Promising to showcase modern Greece, the Games went off without a hitch
despite years of construction delays, but left a legacy of over-spending and
venues in a state of abandon.
The wild water canoe and kayak facility was hailed as the world's best, as
were the rowing centre and the weightlifting arena.
But two years after the Games that cost a record 12 billion euros, most
venues remain fully or partly shut as the government desperately seeks private
investors, the only viable option to recoup some of the funds pumped in to build
and maintain them.
"We cannot keep them as Soviet-style sports venues alone.
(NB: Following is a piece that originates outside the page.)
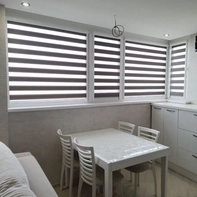 Рулонные шторы зебра на окна кухни в Самаре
What would Greece
do with the world's best canoe and kayak facility?" said Christos
Hadjiemmanouil, the head of the company managing most Olympic venues.
Critics says that after wasting three years in preparations, organisers
rushed to complete the projects ahead of the Olympics and spent no time planning
their post-Games use.
FEDERATIONS ANGRY
As a result most venues will now go into private hands to start a cash-flow
back to the state, angering sports federations who will never use them again and
ordinary Greeks who say their tax money has been wasted.
"Why can't federations use the facilities?" a Greek Athletics Federation
official told Reuters. "It is absurd to have high-quality venues and turn them
into cafes and conference centres."
The kayak race course will be turned into a commercial water fun park and the
rowing centre will have limited use due to environmental restrictions.
The shooting centre, several soccer stadiums and the vast multi-sports
Hellenikon site including the softball and baseball diamonds face much bigger
problems of survival and some of them could even be demolished in a few years.